• DATASET EXCERPT:
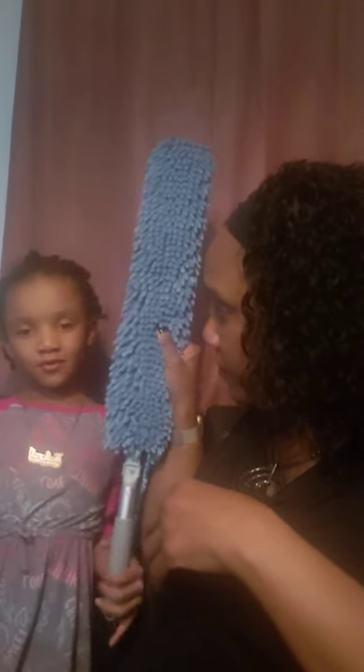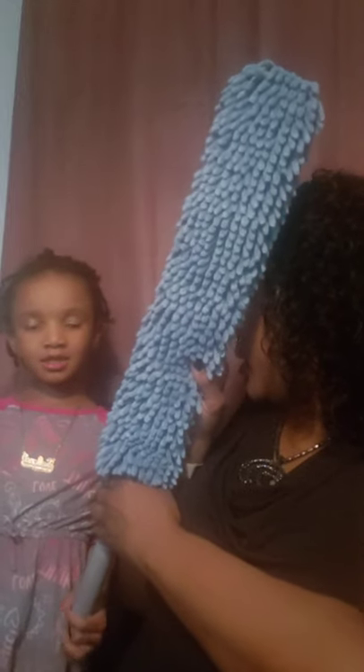This is the dusting wand. Say you want to get those high-up places — this extends really high. It feels just like the dusting mitt material, so it's going to grab the dust and hold it rather than wiping the dust around so it flies everywhere. I'm happy I got both a dusting wand and a dusting mitt.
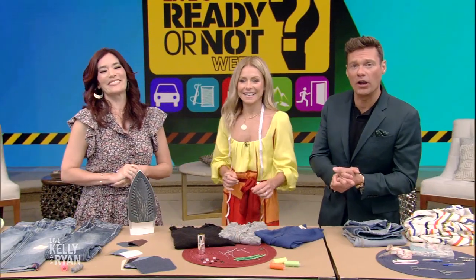For more information on all of these tips, you can go to kellyandryan.com. We'll be right back.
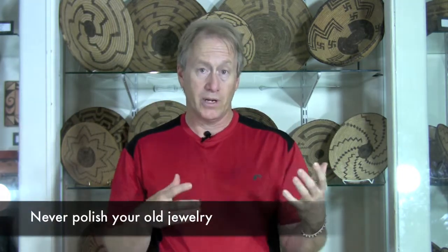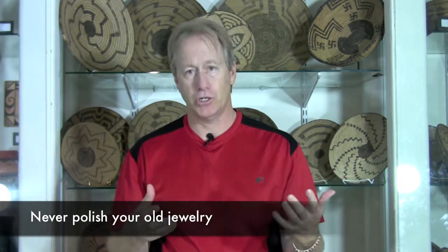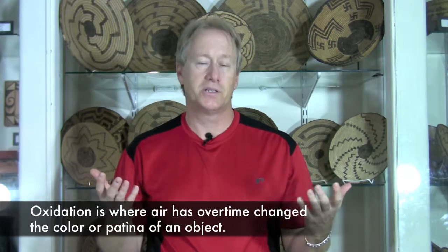We even tell people when they're going to bring us jewelry: don't touch it, don't clean it — because it's like furniture. You see the Antiques Roadshow with American furniture and somebody stripped off the great old patina. It's the same with jewelry. If you clean off that wonderful patination and oxidation, you ruin some of the value, and sometimes you ruin it a lot. So please, whatever you do, do not do that.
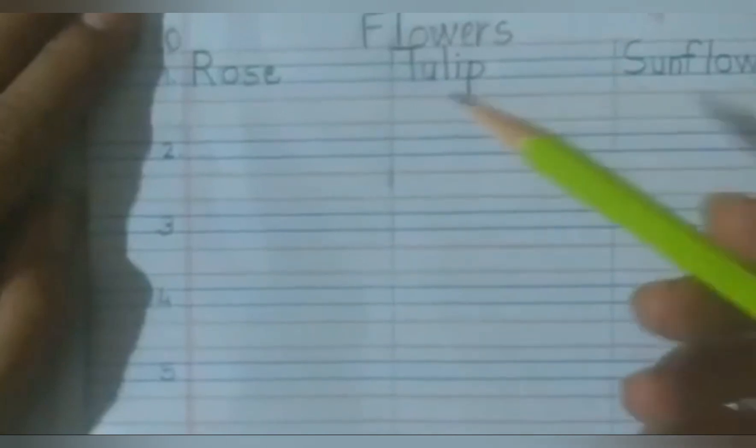तो बच्चों, आपको सभी flowers के names बाकी की चार lines में लिखने हैं। Okay?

• ABOUT THIS EXERCISE:
Exactly as written, restate the lines from the one that contains "For more information" through the final line of the data, both ends included, but leave out the pictures.

• ANSWER FOR THIS EXERCISE:
For more information on all of these tips, you can go to kellyandryan.com. We'll be right back.
We even tell people when they're going to bring us jewelry: don't touch it, don't clean it — because it's like furniture. You see the Antiques Roadshow with American furniture and somebody stripped off the great old patina. It's the same with jewelry. If you clean off that wonderful patination and oxidation, you ruin some of the value, and sometimes you ruin it a lot. So please, whatever you do, do not do that.
तो बच्चों, आपको सभी flowers के names बाकी की चार lines में लिखने हैं। Okay?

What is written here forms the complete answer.